**Problem to solve**. The lines to extract begin at the line that contains "Title details for" and run through the last line of the listing; reproduce them exactly, minus any pictures.

**Records for processing**.
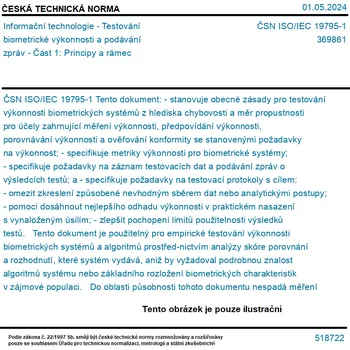 ČSN ISO/IEC 19795-1 - Informační technologie - Testování biometrické výkonnosti a podávání zpráv - Část 1: Principy a rámec - Tisk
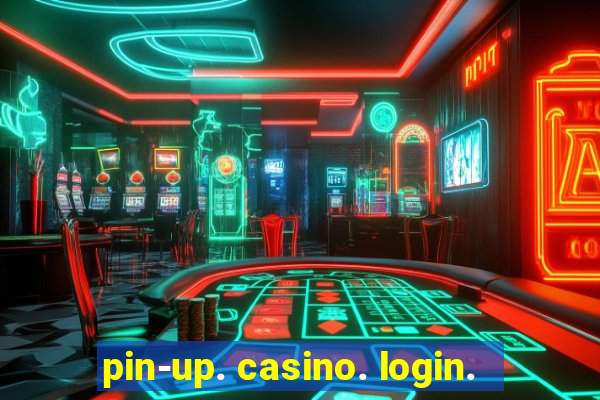 pin-up. casino. login.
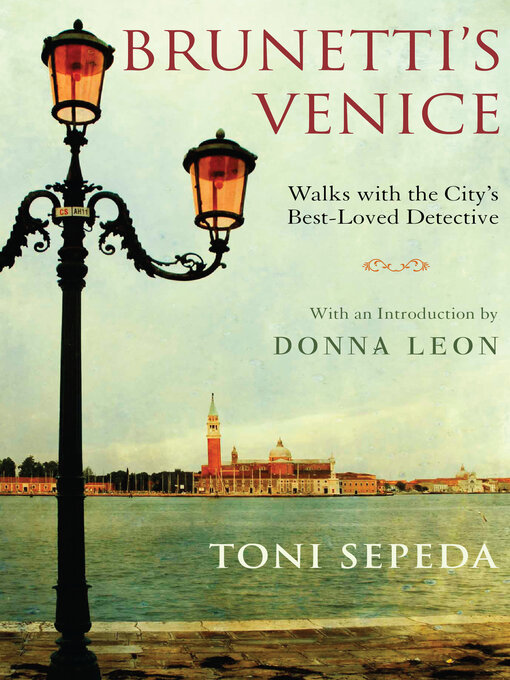 Title details for Brunetti's Venice by Toni Sepeda - Available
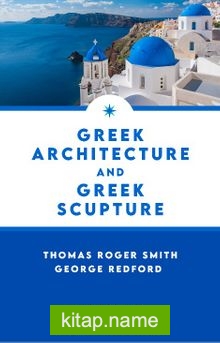 Greek Architecture and Greek Sculpture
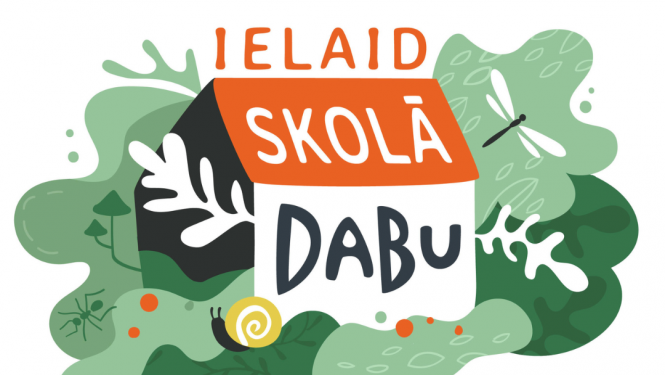 Aicina izglītības iestādes pieteikt idejas grantu konkursam “Ielaid skolā dabu”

**Exercise solution**.
 Title details for Brunetti's Venice by Toni Sepeda - Available
 Greek Architecture and Greek Sculpture
 Aicina izglītības iestādes pieteikt idejas grantu konkursam “Ielaid skolā dabu”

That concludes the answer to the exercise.